Brad Haslett-2 wrote:
> 
> Anyone smell a little conflict of interest here?  Ya think if this was
> a Republican Congressman and his ex-wife the NYT's would pick-up on
> the story?  Is the story false because it's written by Fox news?  Are
> they lying about Barney being gay? Does anybody remember watching the
> video I posted last week of President Clinton saying he couldn't get
> Democrats to reign-in Fannie Mae?
> 
> Brad
> 
> -------------------------------
> 
> Friday , October 03, 2008
> By Bill Sammon
> 
> 
> 
> WASHINGTON —
> Unqualified home buyers were not the only ones who benefitted from
> Massachusetts Rep. Barney Frank's efforts to deregulate Fannie Mae
> throughout the 1990s.
> 
> So did Frank's partner, a Fannie Mae executive at the forefront of the
> agency's push to relax lending restrictions.
> 
> Now that Fannie Mae is at the epicenter of a financial meltdown that
> threatens the U.S. economy, some are raising new questions about
> Frank's relationship with Herb Moses, who was Fannie's assistant
> director for product initiatives. Moses worked at the
> government-sponsored enterprise from 1991 to 1998, while Frank was on
> the House Banking Committee, which had jurisdiction over Fannie.
> 
> Both Frank and Moses assured the Wall Street Journal in 1992 that they
> took pains to avoid any conflicts of interest. Critics, however,
> remain skeptical.
> 
> "It's absolutely a conflict," said Dan Gainor, vice president of the
> Business & Media Institute. "He was voting on Fannie Mae at a time
> when he was involved with a Fannie Mae executive. How is that not
> germane?
> 
> "If this had been his ex-wife and he was Republican, I would bet every
> penny I have - or at least what's not in the stock market - that this
> would be considered germane," added Gainor, a T. Boone Pickens Fellow.

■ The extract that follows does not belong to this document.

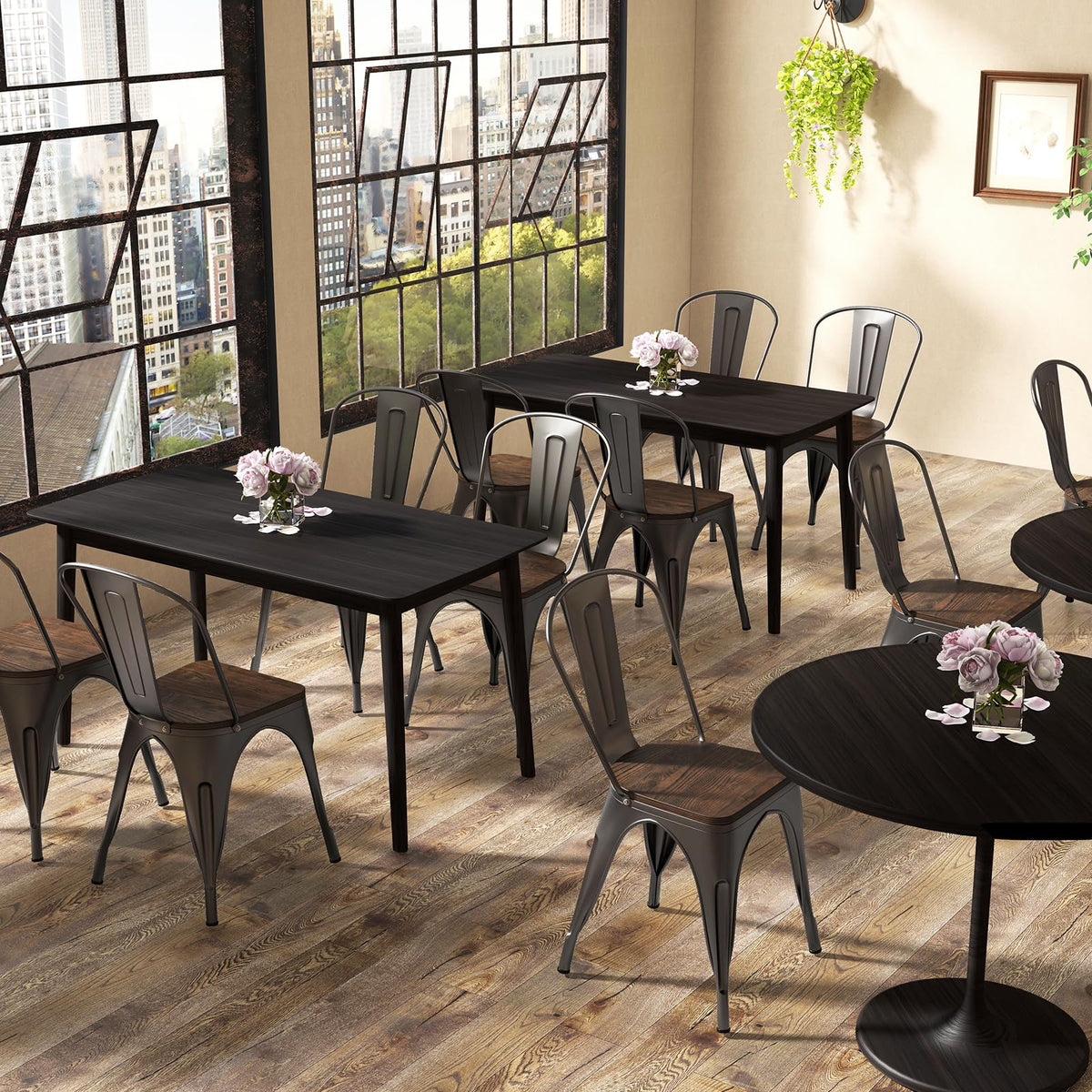 Goflame Metal Dining Chairs Set of 4, Stackable Kitchen Chairs with Wood Seat & Removable Backrest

> "But everybody wants to avoid it because he's gay. It's the
> quintessential double standard."
> 
> A top GOP House aide agreed.
> 
> "C'mon, he writes housing and banking laws and his boyfriend is a top
> exec at a firm that stands to gain from those laws?" the aide told FOX
> News. "No media ever takes note? Imagine what would happen if Frank's
> political affiliation was R instead of D? Imagine what the media would
> say if [GOP former] Chairman [Mike] Oxley's wife or [GOP presidential
> nominee John] McCain's wife was a top exec at Fannie for a decade
> while they wrote the nation's housing and banking laws."
> 
> Frank's office did not immediately respond to requests for comment.
> 
> Frank met Moses in 1987, the same year he became the first openly gay
> member of Congress.
> 
> "I am the only member of the congressional gay spouse caucus," Moses
> wrote in the Washington Post in 1991. "On Capitol Hill, Barney always
> introduces me as his lover."
> 
> The two lived together in a Washington home until they broke up in
> 1998, a few months after Moses ended his seven-year tenure at Fannie
> Mae, where he was the assistant director of product initiatives.

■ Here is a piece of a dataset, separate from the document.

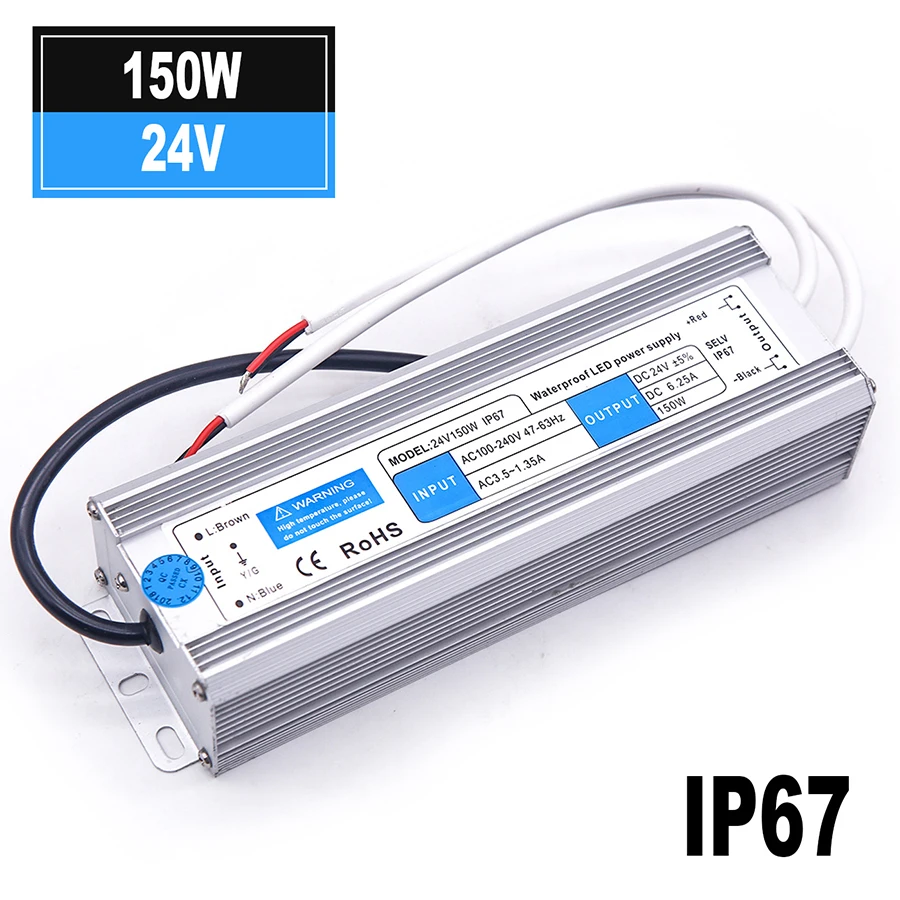 Waterproof IP67 LED Driver DC 12V 24V Lighting Transformer 10W 20W 30W 50W 80W 100W 120W 150W Power Supply for LED Strip Light (23)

> According to National Mortgage News, Moses "helped develop many of
> Fannie Mae's affordable housing and home improvement lending
> programs."
> 
> Critics say such programs led to the mortgage meltdown that prompted
> last month's government takeover of Fannie Mae and its financial
> cousin, Freddie Mac. The giant firms are blamed for spreading bad
> mortgages throughout the private financial sector.
> 
> Although Frank now blames Republicans for the failure of Fannie and
> Freddie, he spent years blocking GOP lawmakers from imposing tougher
> regulations on the mortgage giants. In 1991, the year Moses was hired
> by Fannie, the Boston Globe reported that Frank pushed the agency to
> loosen regulations on mortgages for two- and three-family homes, even
> though they were defaulting at twice and five times the rate of single
> homes, respectively.
> 
> Three years later, President Clinton's Department of Housing and Urban
> Development tried to impose a new regulation on Fannie, but was
> thwarted by Frank. Clinton now blames such Democrats for planting the
> seeds of today's economic crisis.
> 
> "I think the responsibility that the Democrats have may rest more in
> resisting any efforts by Republicans in the Congress or by me when I
> was president, to put some standards and tighten up a little on Fannie
> Mae and Freddie Mac," Clinton said recently.
> 
> Bill Sammon is FOX News' Washington Deputy Managing Editor.